Each entry should be set down exactly as written, except for any picture it holds.
======== Materials provided ========
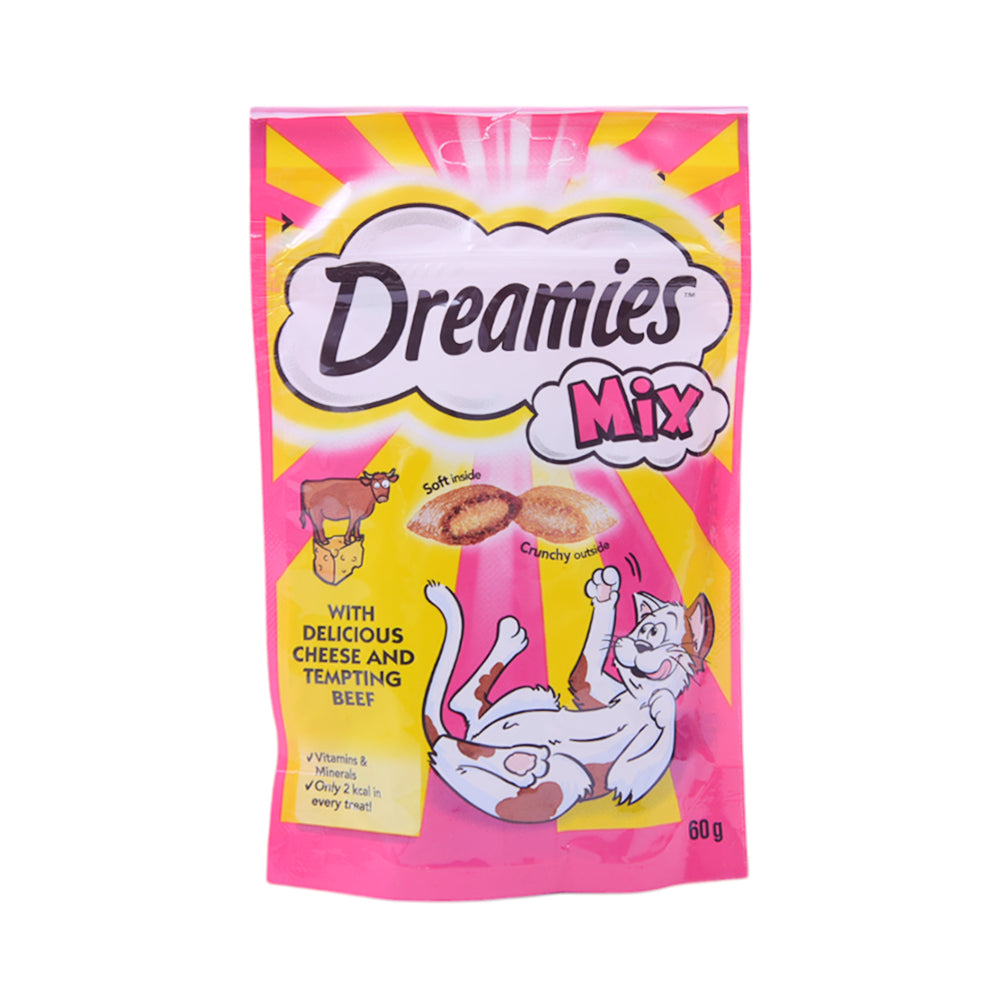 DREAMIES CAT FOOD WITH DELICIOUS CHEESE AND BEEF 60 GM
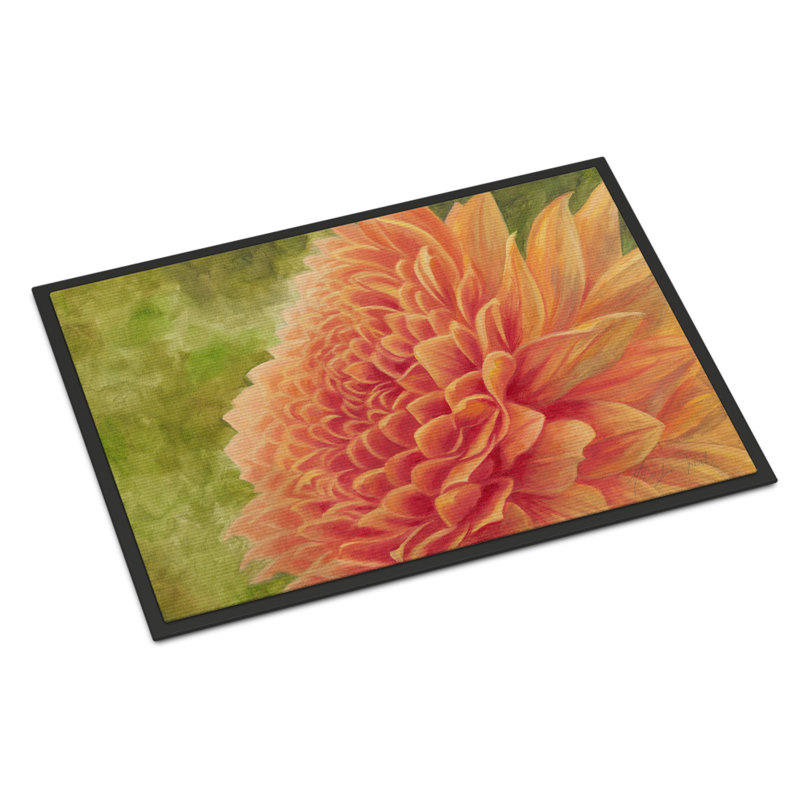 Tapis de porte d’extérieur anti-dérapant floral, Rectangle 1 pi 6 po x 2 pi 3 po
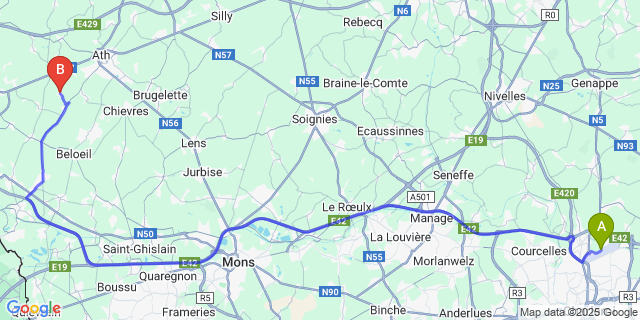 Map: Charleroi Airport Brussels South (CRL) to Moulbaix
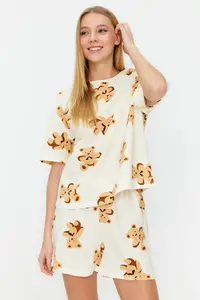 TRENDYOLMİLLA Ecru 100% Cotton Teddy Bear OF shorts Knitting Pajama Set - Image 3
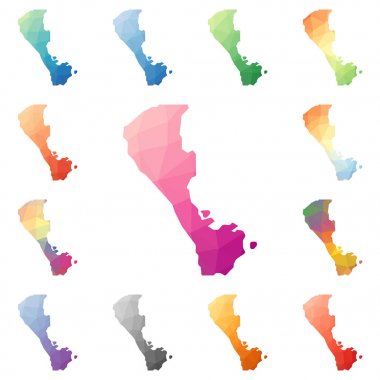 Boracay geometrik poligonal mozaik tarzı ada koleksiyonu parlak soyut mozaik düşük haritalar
========
Solved exercise –
 DREAMIES CAT FOOD WITH DELICIOUS CHEESE AND BEEF 60 GM
 Tapis de porte d’extérieur anti-dérapant floral, Rectangle 1 pi 6 po x 2 pi 3 po
 Map: Charleroi Airport Brussels South (CRL) to Moulbaix
 TRENDYOLMİLLA Ecru 100% Cotton Teddy Bear OF shorts Knitting Pajama Set - Image 3
 Boracay geometrik poligonal mozaik tarzı ada koleksiyonu parlak soyut mozaik düşük haritalar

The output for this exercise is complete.